WHAT IS EXPECTED
When you reach the line in the data below that contains "and h2 etc.", please start repeating lines exactly, and stop after the line that contains "and description fields", repeating nothing else.

(Data records)
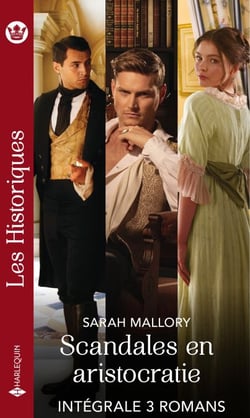 Scandales en aristocratie - Série intégrale - La tentation du comte - Un lord pour protecteur - Une lady en fuite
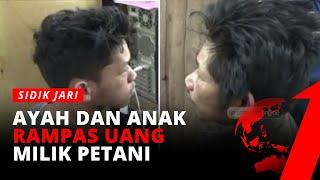 Kekompakan yang Tak Patut Ditiru Ayah Anak Merampok Petani  Sidik Jari tvOne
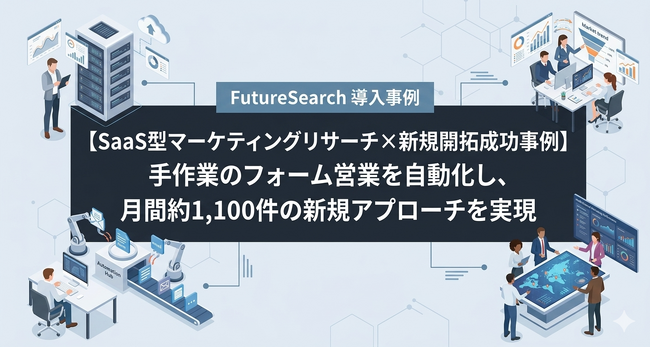 【SaaS型マーケティングリサーチ×新規開拓成功事例】手作業の問い合わせフォーム営業を自動化し、月間約1,100件の新規アプローチを実現
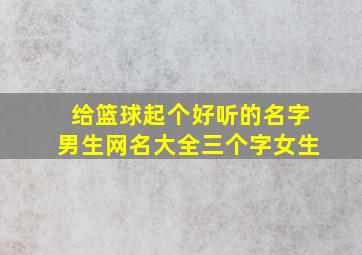 给篮球起个好听的名字男生网名大全三个字女生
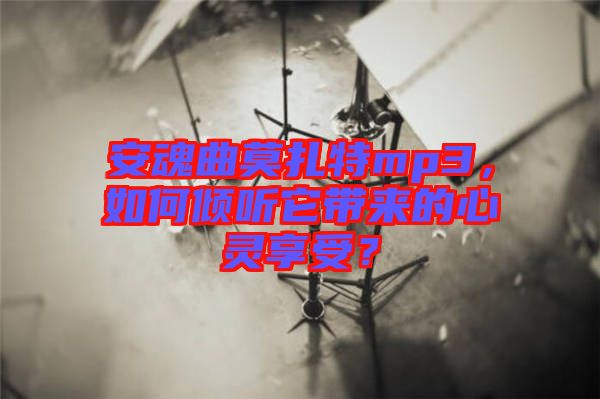 安魂曲莫扎特mp3，如何傾聽它帶來的心靈享受？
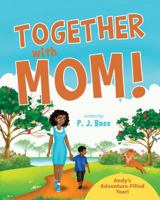 Together with Mom! Andy's Adventure-Filled Year! 1737961822 Book Cover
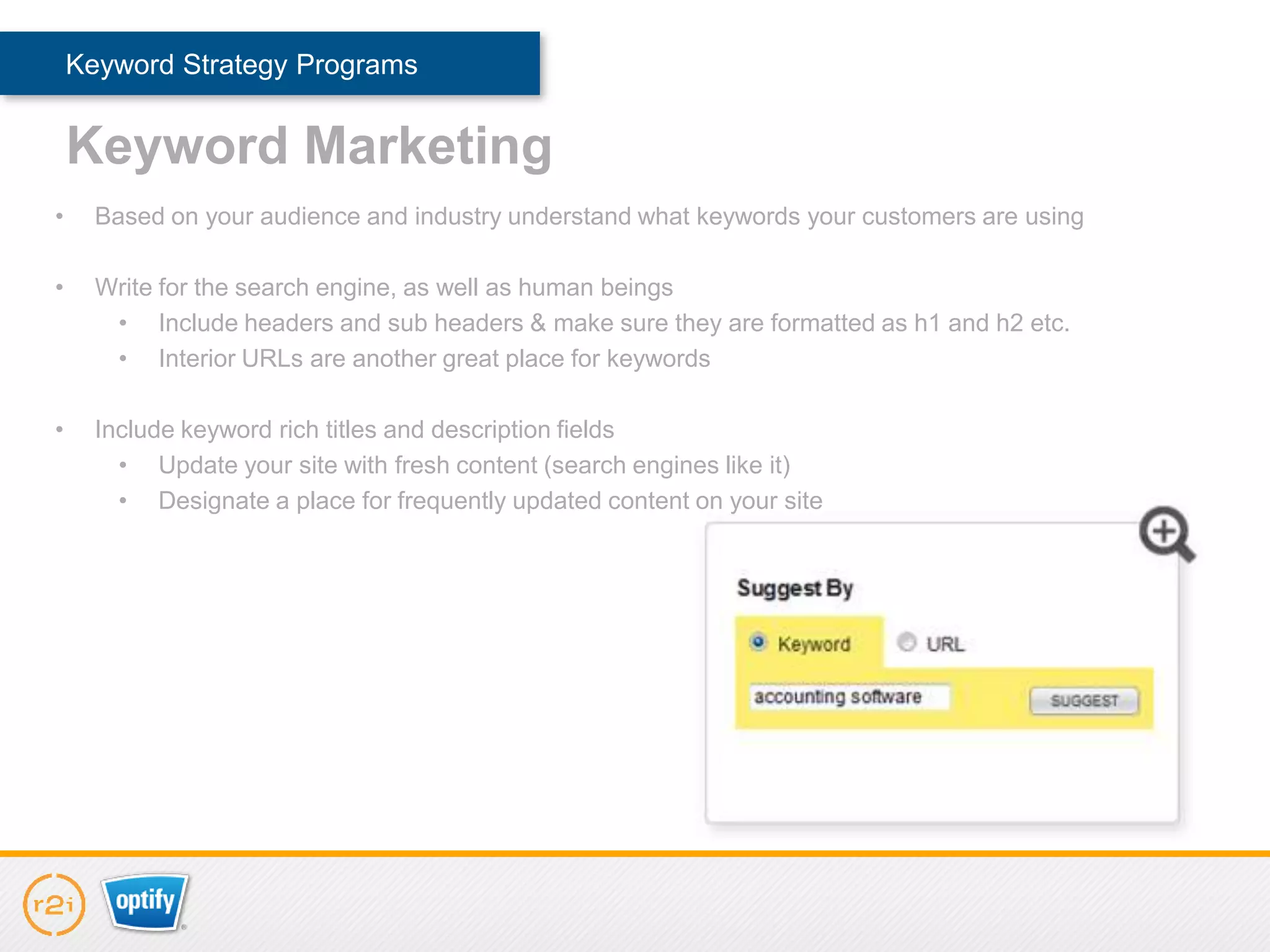 Keyword Strategy Programs


    Keyword Marketing
•     Based on your audience and industry understand what keywords your customers are using

•     Write for the search engine, as well as human beings
       • Include headers and sub headers & make sure they are formatted as h1 and h2 etc.
       • Interior URLs are another great place for keywords

•     Include keyword rich titles and description fields
        • Update your site with fresh content (search engines like it)
        • Designate a place for frequently updated content on your site
 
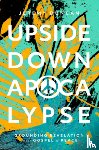 Duncan, Jeremy - UPSIDE-DOWN APOCALYPSE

EXERCISE RESULT
       • Include headers and sub headers & make sure they are formatted as h1 and h2 etc.
       • Interior URLs are another great place for keywords

•     Include keyword rich titles and description fields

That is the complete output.